----- EXCERPTED DATA

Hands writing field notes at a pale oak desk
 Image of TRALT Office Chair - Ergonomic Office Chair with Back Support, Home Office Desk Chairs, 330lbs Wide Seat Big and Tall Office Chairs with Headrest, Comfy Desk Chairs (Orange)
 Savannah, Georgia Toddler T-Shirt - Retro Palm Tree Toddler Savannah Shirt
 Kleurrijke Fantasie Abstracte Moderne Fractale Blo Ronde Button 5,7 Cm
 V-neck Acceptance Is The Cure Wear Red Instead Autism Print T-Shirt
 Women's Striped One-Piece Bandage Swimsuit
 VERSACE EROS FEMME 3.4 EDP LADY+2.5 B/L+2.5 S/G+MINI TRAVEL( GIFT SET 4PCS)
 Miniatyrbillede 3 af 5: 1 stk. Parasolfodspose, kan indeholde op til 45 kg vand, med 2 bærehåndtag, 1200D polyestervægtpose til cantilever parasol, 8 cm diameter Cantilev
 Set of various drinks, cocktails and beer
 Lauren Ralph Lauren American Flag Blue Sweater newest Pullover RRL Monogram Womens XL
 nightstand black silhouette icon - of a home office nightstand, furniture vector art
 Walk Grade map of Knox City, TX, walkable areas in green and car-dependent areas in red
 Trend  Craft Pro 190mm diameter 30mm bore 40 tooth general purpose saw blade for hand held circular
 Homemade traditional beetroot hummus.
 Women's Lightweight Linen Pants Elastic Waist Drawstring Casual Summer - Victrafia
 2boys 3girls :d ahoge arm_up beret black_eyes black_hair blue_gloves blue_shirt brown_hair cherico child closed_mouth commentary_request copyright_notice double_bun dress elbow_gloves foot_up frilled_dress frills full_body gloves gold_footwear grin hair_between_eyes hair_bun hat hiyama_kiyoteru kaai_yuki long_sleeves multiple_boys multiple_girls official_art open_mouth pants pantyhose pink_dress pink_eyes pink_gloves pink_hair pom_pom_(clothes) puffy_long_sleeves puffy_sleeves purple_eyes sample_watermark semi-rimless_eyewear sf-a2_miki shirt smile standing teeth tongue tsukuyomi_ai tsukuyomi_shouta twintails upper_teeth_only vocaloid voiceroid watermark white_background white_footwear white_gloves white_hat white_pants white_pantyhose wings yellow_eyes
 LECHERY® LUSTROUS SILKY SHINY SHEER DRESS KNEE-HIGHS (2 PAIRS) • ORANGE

----------

### TASK GOAL:
In this exercise, you retype all of the data exactly as it appears above.

### WRITTEN RESPONSE:
Hands writing field notes at a pale oak desk
 Image of TRALT Office Chair - Ergonomic Office Chair with Back Support, Home Office Desk Chairs, 330lbs Wide Seat Big and Tall Office Chairs with Headrest, Comfy Desk Chairs (Orange)
 Savannah, Georgia Toddler T-Shirt - Retro Palm Tree Toddler Savannah Shirt
 Kleurrijke Fantasie Abstracte Moderne Fractale Blo Ronde Button 5,7 Cm
 V-neck Acceptance Is The Cure Wear Red Instead Autism Print T-Shirt
 Women's Striped One-Piece Bandage Swimsuit
 VERSACE EROS FEMME 3.4 EDP LADY+2.5 B/L+2.5 S/G+MINI TRAVEL( GIFT SET 4PCS)
 Miniatyrbillede 3 af 5: 1 stk. Parasolfodspose, kan indeholde op til 45 kg vand, med 2 bærehåndtag, 1200D polyestervægtpose til cantilever parasol, 8 cm diameter Cantilev
 Set of various drinks, cocktails and beer
 Lauren Ralph Lauren American Flag Blue Sweater newest Pullover RRL Monogram Womens XL
 nightstand black silhouette icon - of a home office nightstand, furniture vector art
 Walk Grade map of Knox City, TX, walkable areas in green and car-dependent areas in red
 Trend  Craft Pro 190mm diameter 30mm bore 40 tooth general purpose saw blade for hand held circular
 Homemade traditional beetroot hummus.
 Women's Lightweight Linen Pants Elastic Waist Drawstring Casual Summer - Victrafia
 2boys 3girls :d ahoge arm_up beret black_eyes black_hair blue_gloves blue_shirt brown_hair cherico child closed_mouth commentary_request copyright_notice double_bun dress elbow_gloves foot_up frilled_dress frills full_body gloves gold_footwear grin hair_between_eyes hair_bun hat hiyama_kiyoteru kaai_yuki long_sleeves multiple_boys multiple_girls official_art open_mouth pants pantyhose pink_dress pink_eyes pink_gloves pink_hair pom_pom_(clothes) puffy_long_sleeves puffy_sleeves purple_eyes sample_watermark semi-rimless_eyewear sf-a2_miki shirt smile standing teeth tongue tsukuyomi_ai tsukuyomi_shouta twintails upper_teeth_only vocaloid voiceroid watermark white_background white_footwear white_gloves white_hat white_pants white_pantyhose wings yellow_eyes
 LECHERY® LUSTROUS SILKY SHINY SHEER DRESS KNEE-HIGHS (2 PAIRS) • ORANGE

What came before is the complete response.